[Bug]: Learning rate reaches end at `steps / num_processes` when using multi-GPU with default `split_batches=False`

# Summary
When training with multiple GPUs (e.g. 4) and the `default split_batches=False`, the learning rate schedule finishes too early. For instance, in my case when training 10k steps total, LR reaches its end value at about 2.5k steps instead of the configured 10k steps.
# Cause
In `accelerate/scheduler.py`, `AcceleratedScheduler.step()` behaves as follows when` split_batches=False`:
Each call to`scheduler.step()` triggers `num_processes` inner scheduler steps (e.g. 4 steps when using 4 GPUs).
The underlying scheduler (e.g. LinearLR) is still created with total_iters=steps (e.g. 10,000).
So after 10,000 / 4 = 2,500 optimization steps, the inner scheduler has already taken 10,000 steps and the LR has decayed to the end value.

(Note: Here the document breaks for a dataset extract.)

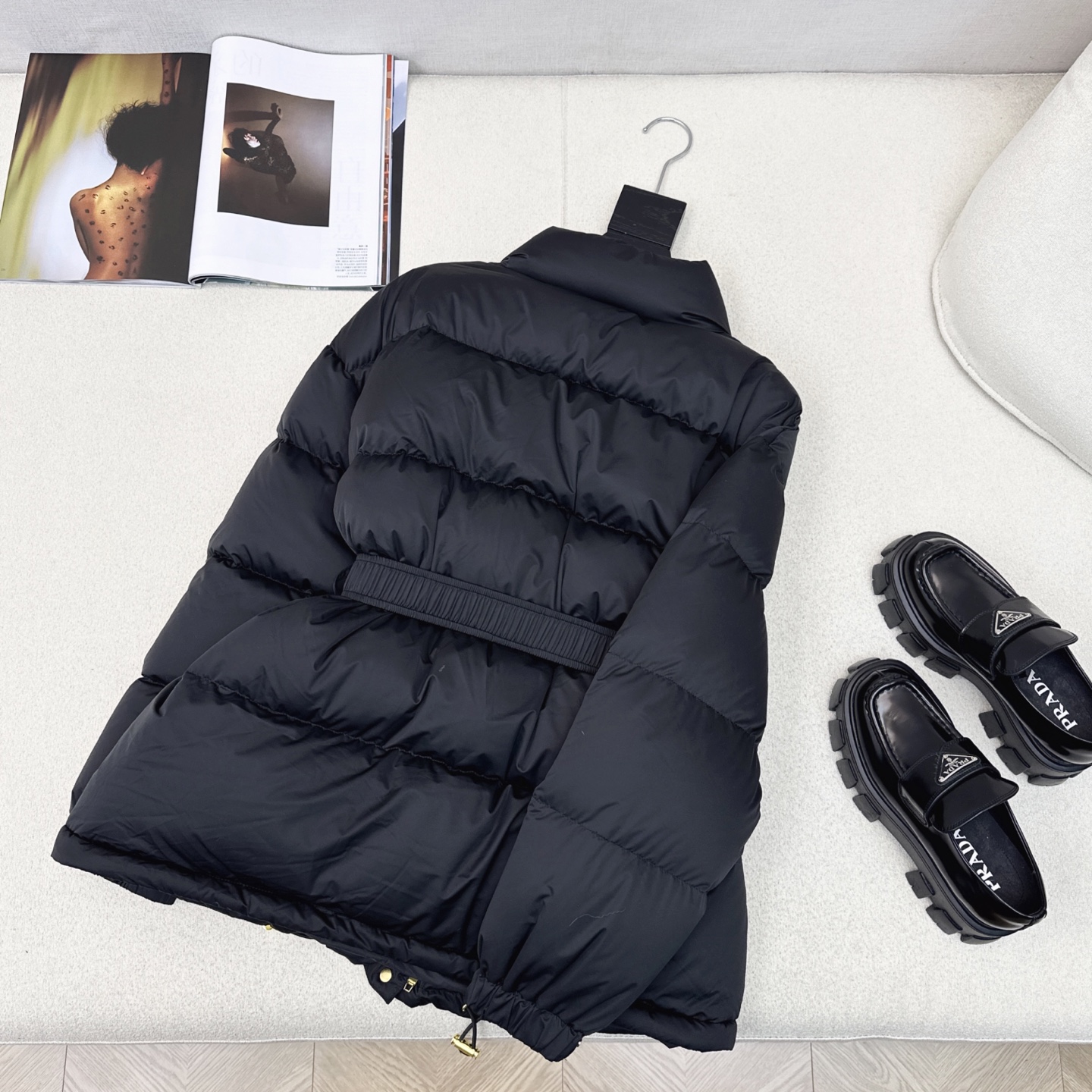高端原单品质 CE 25Ss———秋冬新款凯旋门徽标logo立领束腰面包羽绒服 🤎本季最佳版型 经典凯旋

So the schedule length is effectively steps / num_processes optimization steps instead of steps.
# Expected behavior
LR should decay over the full steps optimization steps (e.g. 10k), regardless of num_processes, when the user configures steps as the total number of optimizer steps.
# Workaround
When creating the scheduler, set the scheduler’s total steps to steps * num_processes (e.g. total_iters=40000 for 10k steps on 4 GPUs). Then, with Accelerate stepping the inner scheduler num_processes times per optimization step, the LR correctly decays over 10k optimization steps.
# Environment
accelerate (version with AcceleratedScheduler in scheduler.py)
Multi-GPU DDP, split_batches=False (default)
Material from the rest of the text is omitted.